First of all, you cannot expect a 4 month old puppy to be reliable...for many, it can take up to a year to be potty trained and be 100% reliable...Secondly, your puppy needs to be confined in his pen with the door closed....after he goes potty, praise and treat, and when he is 100% reliable in his pen, gradually increase the space...I would train him only to pads, initially...it is too confusing for him to learn pad training and outdoor training at the same time..be consistent...if he has an accident, it is better to say nothing...take him immediately to the pad only if you catch him in the act...treat and praise, praise, praise...I promise you, he will get it eventually..:thumbsup:


----------



## Furbabies mom (Jul 25, 2011)

Some dogs take longer to housebreak. I've had some that "get it" right away and others that take awhile. Are you feeding on a regular schedule? Also he might be confused as to using the pee pad or pottying outside. It sounds like he might have too much free reign. When they're puppies they go a lot. As soon as they wake, after meals, after naps, after playing, I gave mine very tiny pieces of boiled chicken after they went, and lots of praise! Just be consistent and he'll eventually get it!!!! Good luck!!


----------



## Maglily (Feb 3, 2009)

check out the 'stickies' in another section," Maltese Training" too, for some tips/ideas.


i didn't look very far but did notice this one...

Sticky: Potty Training Tips from JMM


----------



## Bailey&Me (Mar 8, 2010)

Yup, ditto what April and Deb said! Your situation sounds very familiar – it’s typical for the puppy stages. My Emma just turned one year old so I remember the early puppy days well! Four months is VERY young and too early to expect them to be reliable with potty training. I don’t think Emma completely got the potty training thing until she was 7 or 8 months old. What I did with her was keep her in an x-pen with a bed and a water bowl and then the rest of the area was covered with puppy pads at first – as she started getting the puppy pad, I gradually moved to just one pad. (She shredded them too, by the way, in the beginning but then grew out of it within a couple of months. She climbed out of her Iris pen too so I bought the top for it). 

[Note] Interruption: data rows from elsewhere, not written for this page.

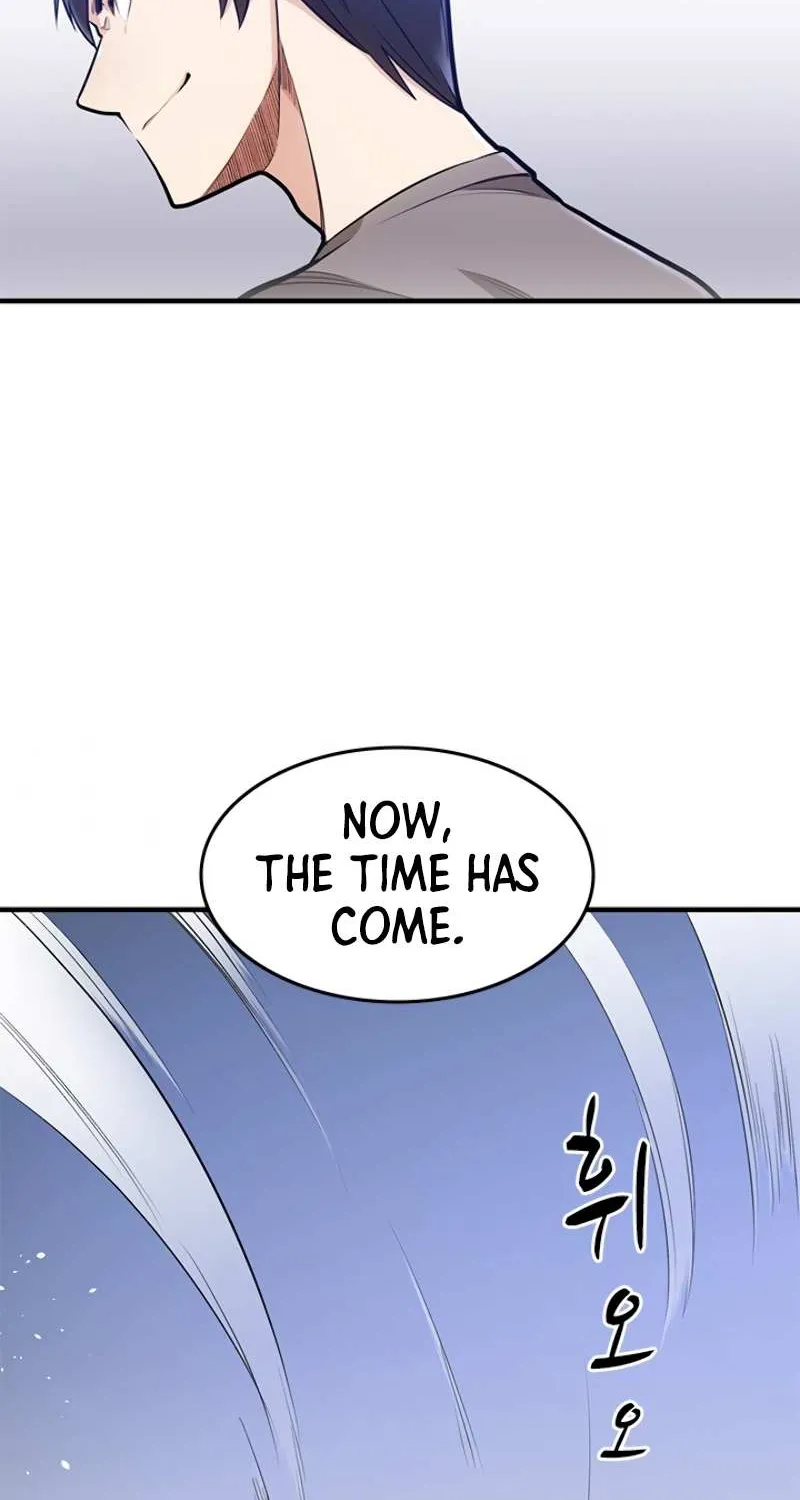 The Tutorial Is Too Hard Chapter 3 page 70 - 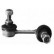 Rod/Strut, stabiliser 260056 ABS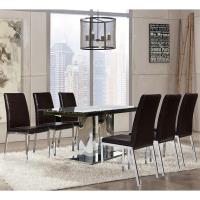 Bộ bàn ăn B61-G61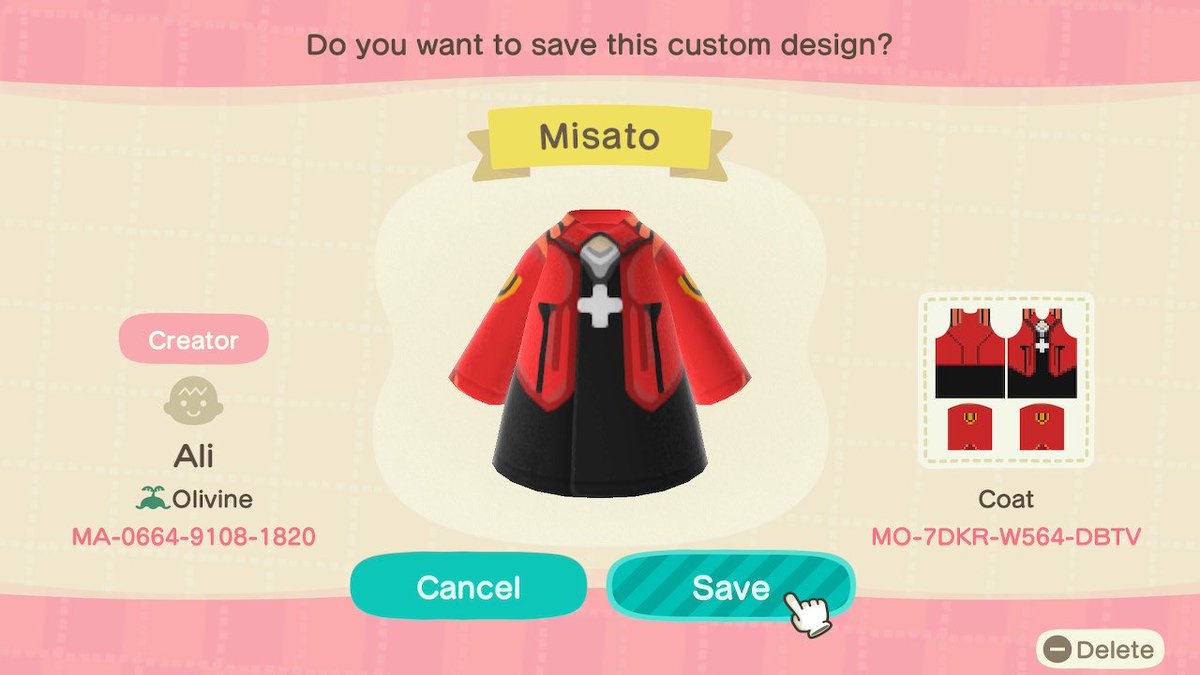 animal crossing eva 0002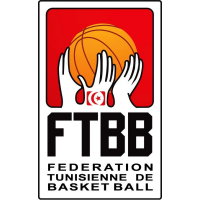 logo of Tunisia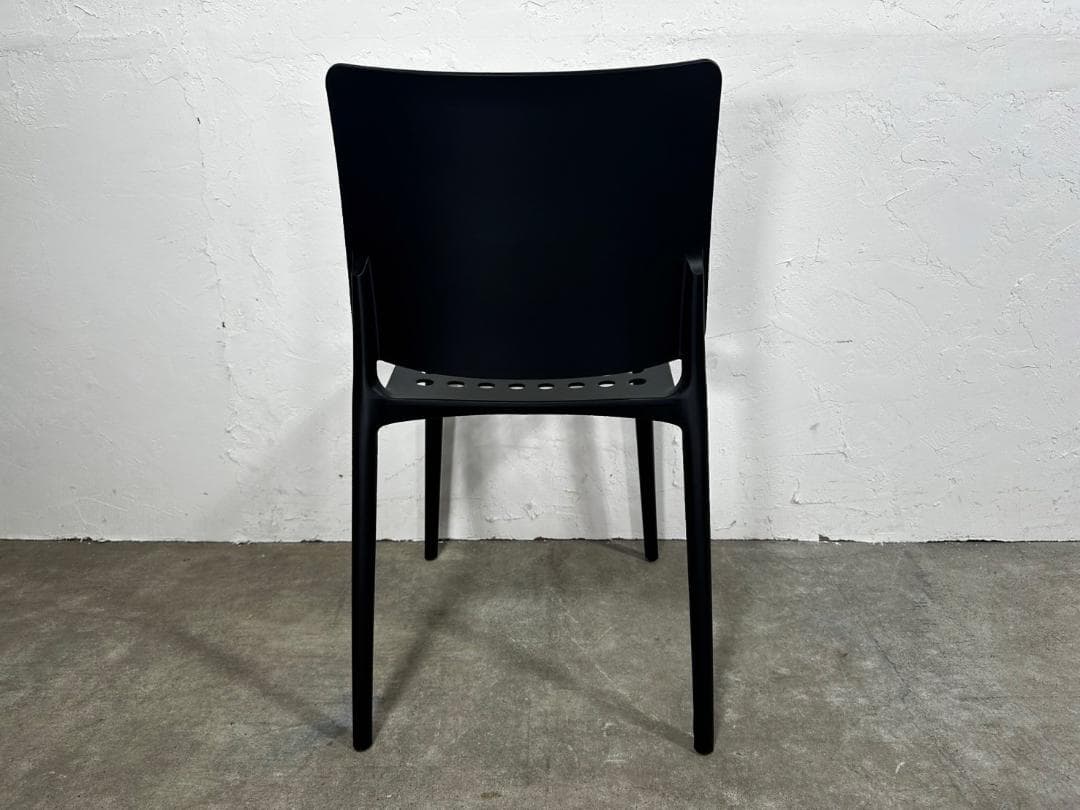 CHERRY』桜屋工業 ガーデンチェア ダイニングチェア チェアRWcha84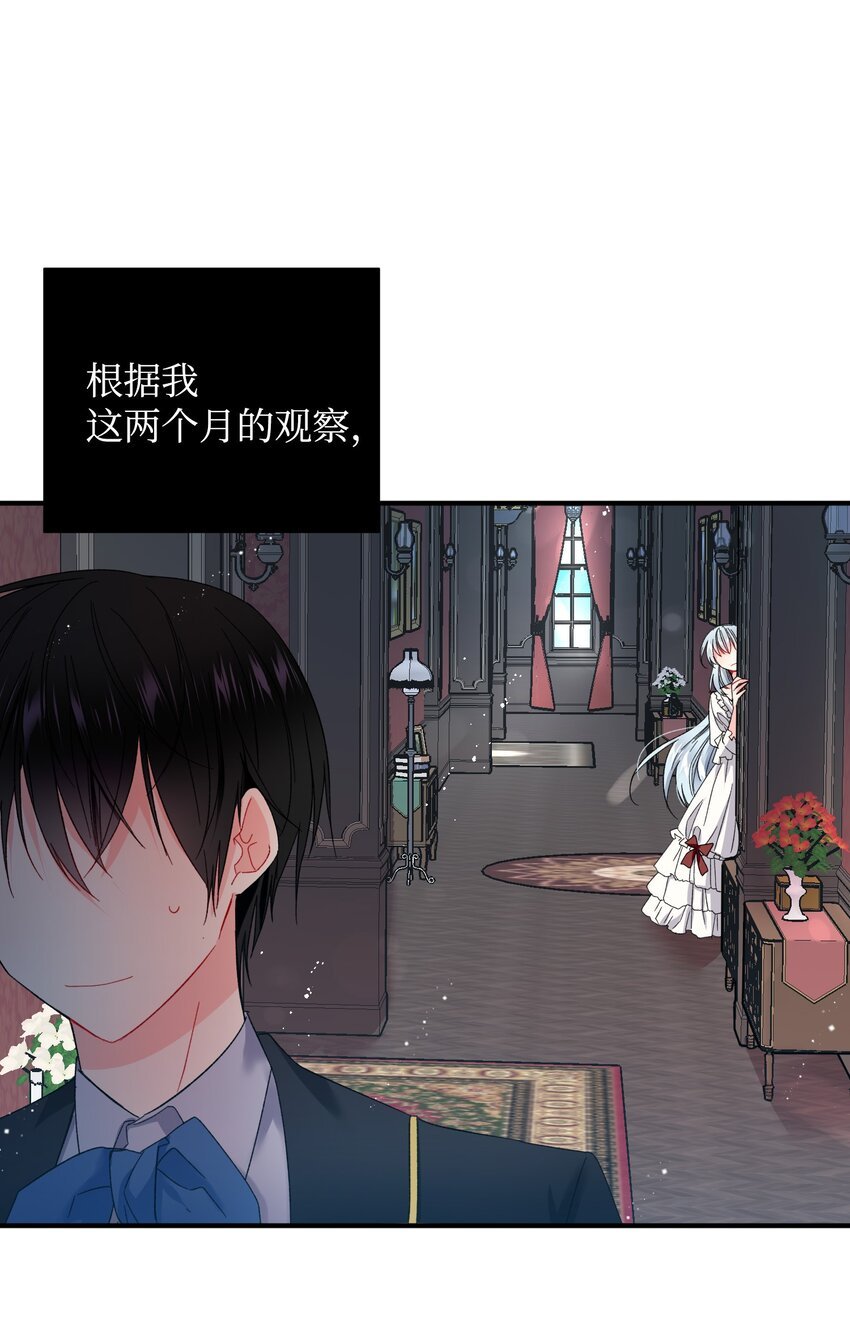03 魔塔主人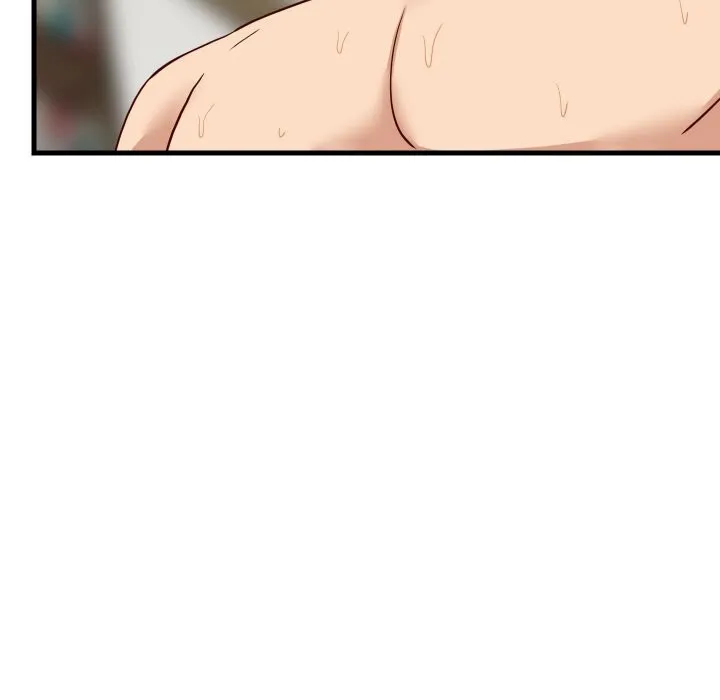 难缠姐妹偏要和我同居 第58話 第131页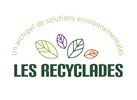 les recyclades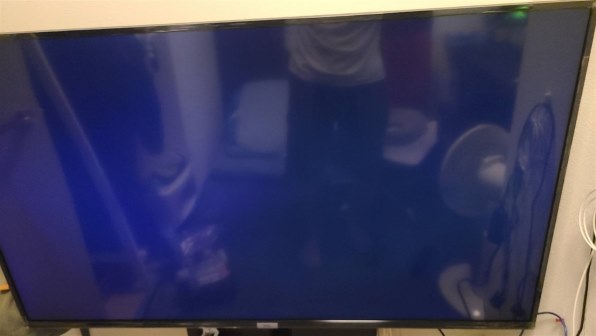 TCL 50P618 [50インチ] 価格比較 - 価格.com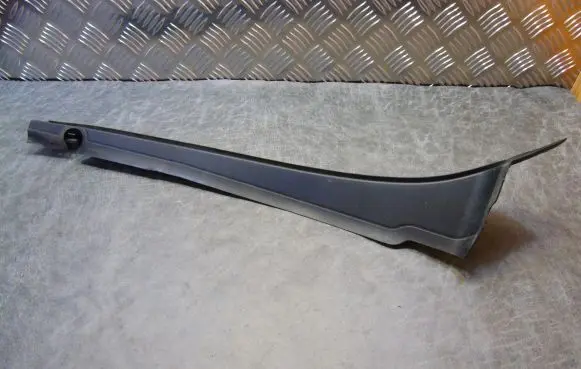 BMW 3 F30 F35 F31 Fender end trim 51767264274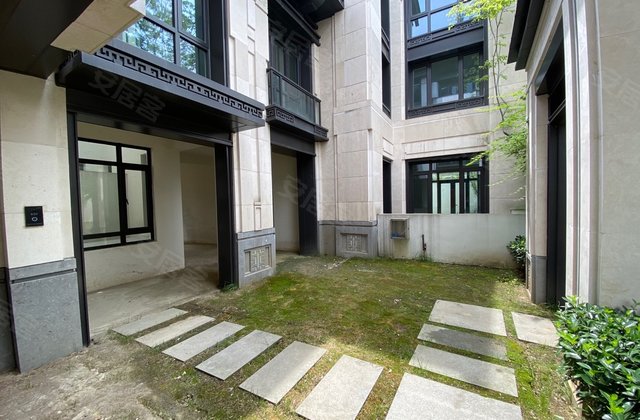 当代苏洲府moma,南浩街,近景德路-苏州当代苏洲府moma二手房,租房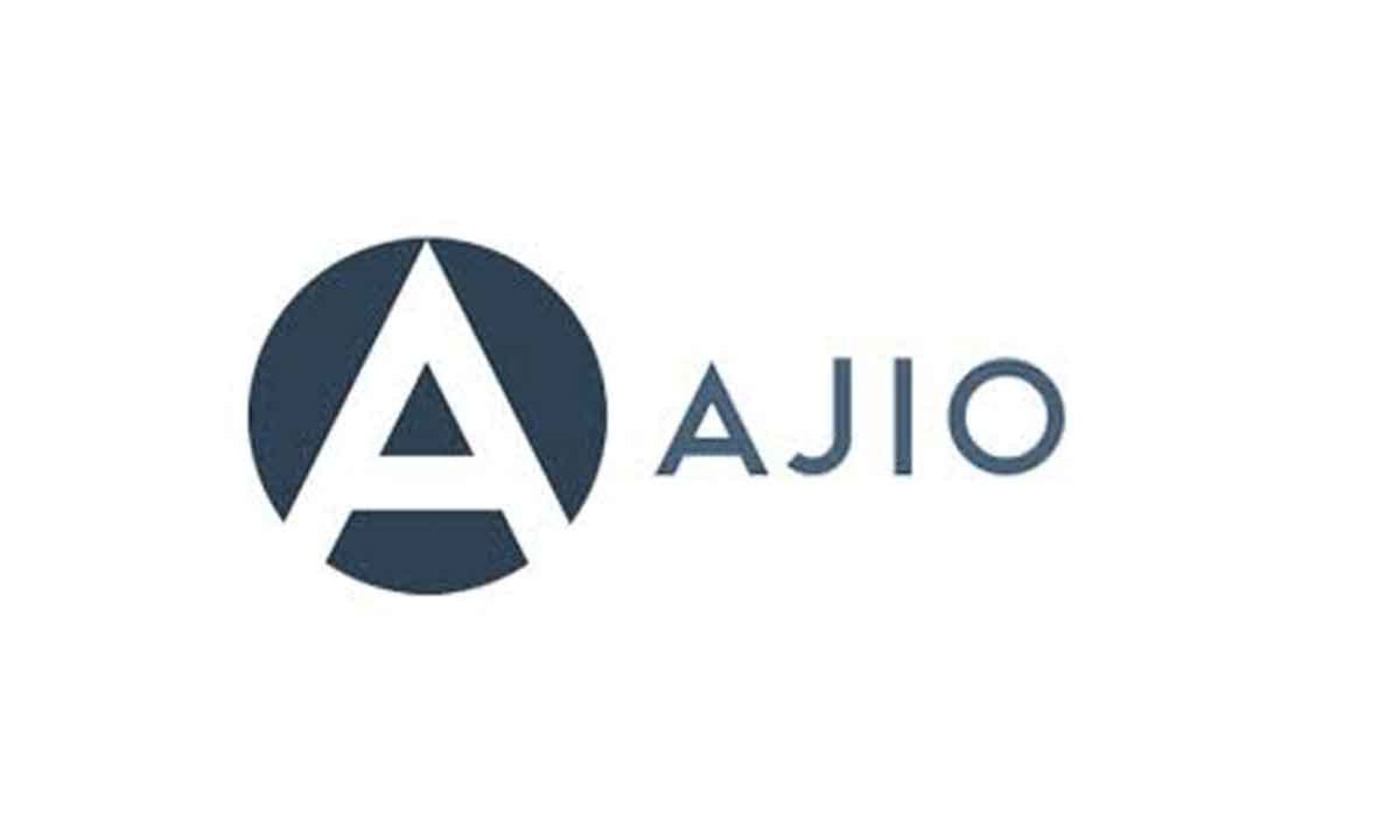 Ajio: AJIO announces All Stars Sale from September 22: All details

She got frequent play times out of the pen but I was watching her constantly and encouraging her to use the puppy pad. Of course she had lots of accidents but I gently corrected by moving her to the nearest puppy pad and telling her “potty on the pad” and if she used it, then LOTS of praise and treats. During housebreaking stage, I ONLY used puppy pads – it was only when she was older (after all her shots) and started going on walks with her brother that she started going potty outside too but I didn’t train her to do it, she just followed Bailey’s example. I agree it may be confusing for him if you’re training with both outside and a puppy pad at the same time.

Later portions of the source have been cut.